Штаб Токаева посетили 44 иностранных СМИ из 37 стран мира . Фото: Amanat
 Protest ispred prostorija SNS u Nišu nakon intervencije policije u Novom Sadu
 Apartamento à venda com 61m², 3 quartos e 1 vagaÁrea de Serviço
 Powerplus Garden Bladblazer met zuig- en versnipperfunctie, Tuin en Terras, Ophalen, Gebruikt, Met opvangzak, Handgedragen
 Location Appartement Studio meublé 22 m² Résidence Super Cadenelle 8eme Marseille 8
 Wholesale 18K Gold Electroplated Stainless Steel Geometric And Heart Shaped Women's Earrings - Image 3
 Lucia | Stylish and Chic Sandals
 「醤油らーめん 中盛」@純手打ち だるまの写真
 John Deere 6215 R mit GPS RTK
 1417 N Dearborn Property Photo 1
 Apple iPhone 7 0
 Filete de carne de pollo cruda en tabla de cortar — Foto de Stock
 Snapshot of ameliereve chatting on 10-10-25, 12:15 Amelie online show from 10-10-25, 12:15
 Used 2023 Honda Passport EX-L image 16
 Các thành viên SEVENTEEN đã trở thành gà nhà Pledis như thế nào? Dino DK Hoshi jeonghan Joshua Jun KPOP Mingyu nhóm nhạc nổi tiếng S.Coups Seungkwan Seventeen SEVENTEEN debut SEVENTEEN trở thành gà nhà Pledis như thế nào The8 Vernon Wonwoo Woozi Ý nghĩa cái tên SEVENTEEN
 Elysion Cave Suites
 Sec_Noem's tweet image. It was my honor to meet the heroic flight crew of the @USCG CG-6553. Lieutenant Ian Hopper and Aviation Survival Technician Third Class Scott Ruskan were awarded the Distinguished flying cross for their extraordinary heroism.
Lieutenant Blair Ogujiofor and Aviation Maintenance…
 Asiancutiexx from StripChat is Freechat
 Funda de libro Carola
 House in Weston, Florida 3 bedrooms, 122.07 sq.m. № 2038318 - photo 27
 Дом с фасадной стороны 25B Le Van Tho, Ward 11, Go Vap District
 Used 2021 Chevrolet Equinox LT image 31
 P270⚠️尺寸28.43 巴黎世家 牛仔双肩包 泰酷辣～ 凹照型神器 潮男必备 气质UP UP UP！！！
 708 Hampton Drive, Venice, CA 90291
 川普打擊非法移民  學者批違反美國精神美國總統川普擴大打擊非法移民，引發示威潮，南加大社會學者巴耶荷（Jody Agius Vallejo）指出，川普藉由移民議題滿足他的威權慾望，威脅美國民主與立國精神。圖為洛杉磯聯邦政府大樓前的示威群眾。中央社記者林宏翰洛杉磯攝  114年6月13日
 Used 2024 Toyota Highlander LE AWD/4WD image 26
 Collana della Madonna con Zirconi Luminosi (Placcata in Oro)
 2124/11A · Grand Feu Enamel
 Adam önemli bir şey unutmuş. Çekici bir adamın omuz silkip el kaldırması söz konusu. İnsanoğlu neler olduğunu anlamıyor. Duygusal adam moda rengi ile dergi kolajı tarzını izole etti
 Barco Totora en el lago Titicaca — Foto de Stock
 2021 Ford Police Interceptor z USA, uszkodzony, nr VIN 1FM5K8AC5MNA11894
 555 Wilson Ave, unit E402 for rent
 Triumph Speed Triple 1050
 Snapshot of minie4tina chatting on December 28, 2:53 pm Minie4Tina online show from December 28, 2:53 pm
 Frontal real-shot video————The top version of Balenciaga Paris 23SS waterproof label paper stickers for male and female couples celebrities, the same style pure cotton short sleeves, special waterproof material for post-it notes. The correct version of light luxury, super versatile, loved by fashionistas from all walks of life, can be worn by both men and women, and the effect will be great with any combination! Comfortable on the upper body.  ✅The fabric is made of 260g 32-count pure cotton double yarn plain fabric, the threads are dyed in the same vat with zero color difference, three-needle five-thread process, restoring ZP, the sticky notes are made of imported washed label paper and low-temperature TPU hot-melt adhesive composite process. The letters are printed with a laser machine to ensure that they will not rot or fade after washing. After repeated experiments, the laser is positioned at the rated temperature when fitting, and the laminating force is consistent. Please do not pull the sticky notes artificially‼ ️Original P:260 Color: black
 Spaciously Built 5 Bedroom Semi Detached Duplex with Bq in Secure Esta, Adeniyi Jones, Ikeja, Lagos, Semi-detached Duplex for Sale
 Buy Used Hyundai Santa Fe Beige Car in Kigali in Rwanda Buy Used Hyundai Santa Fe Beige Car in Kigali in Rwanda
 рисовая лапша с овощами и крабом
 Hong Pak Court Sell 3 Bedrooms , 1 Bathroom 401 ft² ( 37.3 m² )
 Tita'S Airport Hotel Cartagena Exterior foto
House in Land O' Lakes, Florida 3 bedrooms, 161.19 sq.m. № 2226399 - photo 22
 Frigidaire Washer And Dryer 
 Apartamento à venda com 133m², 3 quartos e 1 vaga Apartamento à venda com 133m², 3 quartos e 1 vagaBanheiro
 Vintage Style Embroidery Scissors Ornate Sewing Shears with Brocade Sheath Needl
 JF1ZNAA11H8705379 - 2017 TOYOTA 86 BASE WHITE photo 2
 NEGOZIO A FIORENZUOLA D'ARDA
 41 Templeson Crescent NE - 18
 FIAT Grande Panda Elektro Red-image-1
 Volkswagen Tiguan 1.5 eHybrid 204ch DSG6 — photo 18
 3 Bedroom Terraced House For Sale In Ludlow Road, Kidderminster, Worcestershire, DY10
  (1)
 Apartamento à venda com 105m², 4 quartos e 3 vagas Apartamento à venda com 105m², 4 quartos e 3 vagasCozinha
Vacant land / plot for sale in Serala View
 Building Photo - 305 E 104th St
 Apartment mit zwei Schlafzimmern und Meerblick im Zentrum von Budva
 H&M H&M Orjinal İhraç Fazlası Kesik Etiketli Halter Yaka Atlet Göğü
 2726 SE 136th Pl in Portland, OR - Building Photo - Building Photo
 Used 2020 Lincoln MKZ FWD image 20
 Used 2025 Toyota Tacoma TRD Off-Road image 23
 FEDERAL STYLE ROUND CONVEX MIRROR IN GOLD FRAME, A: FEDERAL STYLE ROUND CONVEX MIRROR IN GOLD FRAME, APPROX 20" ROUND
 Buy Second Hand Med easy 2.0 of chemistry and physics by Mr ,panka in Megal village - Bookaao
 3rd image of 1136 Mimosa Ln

════════

Report each line in the entries where the string "Snapshot" occurs.

Written answer:
 Snapshot of ameliereve chatting on 10-10-25, 12:15 Amelie online show from 10-10-25, 12:15
 Snapshot of minie4tina chatting on December 28, 2:53 pm Minie4Tina online show from December 28, 2:53 pm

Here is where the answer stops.